The Widow of Bath
- First edition (UK)
- Author: Margot Bennett
- Language: English
- Genre: Crime
- Published: 1952
- Publisher: Eyre & Spottiswoode (UK) Doubleday (US)
- Publication place: United Kingdom
- Media type: Print
- Pages: 223
- ISBN: 0 7540 8592 9

= The Widow of Bath (novel) =

1952 novel

The Widow of Bath is a crime thriller novel published in 1952 by the Scottish author Margot Bennett.

==Premise==
The book is about Hugh Everton, who is struggling to readjust to normal life after serving several months in prison. He re-encounters his ex-lover, Lucy, who is married to Judge Bath.
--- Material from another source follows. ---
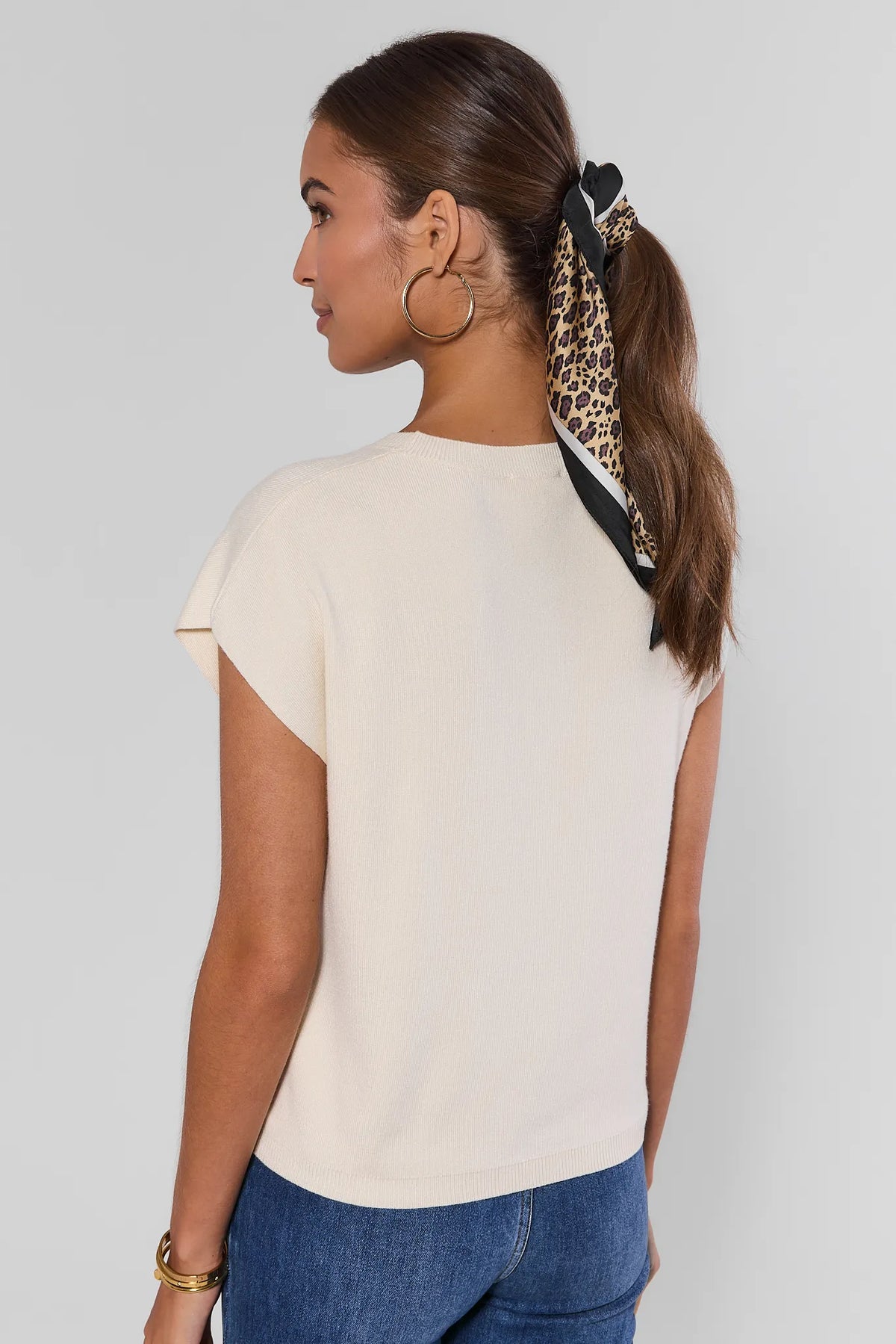 Ivory Knit Crewneck Top back view showing relaxed knit silhouette and short sleeves, styled with denim | Avara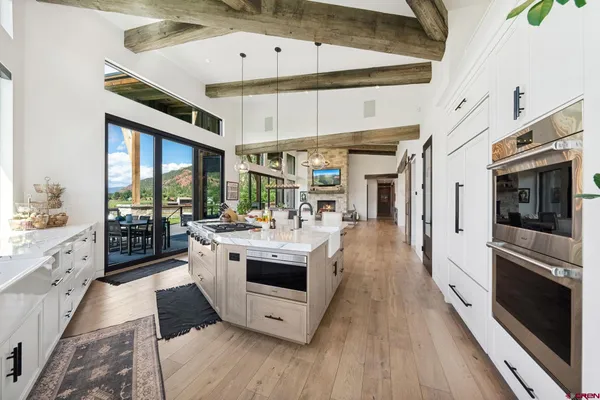 a kitchen with stainless steel appliances a stove a sink and a refrigerator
Against his better judgment, Hugh agrees to spend some time at the couple's house, but before long, the judge is killed and his body vanishes.

==TV Serial==

The book was adapted into a six-episode serial by the BBC in 1959, which was directed by Gerard Glaister, with the screenplay written by Bennett. It starred John Justin as Hugh Everton and Barbara Murray as Lucy. The series no longer survives in the BBC archives.

==Availability==
The novel is out of print, with its last edition dating back to 2001. Since September 2021, it is available for purchase as an e-book on Amazon UK.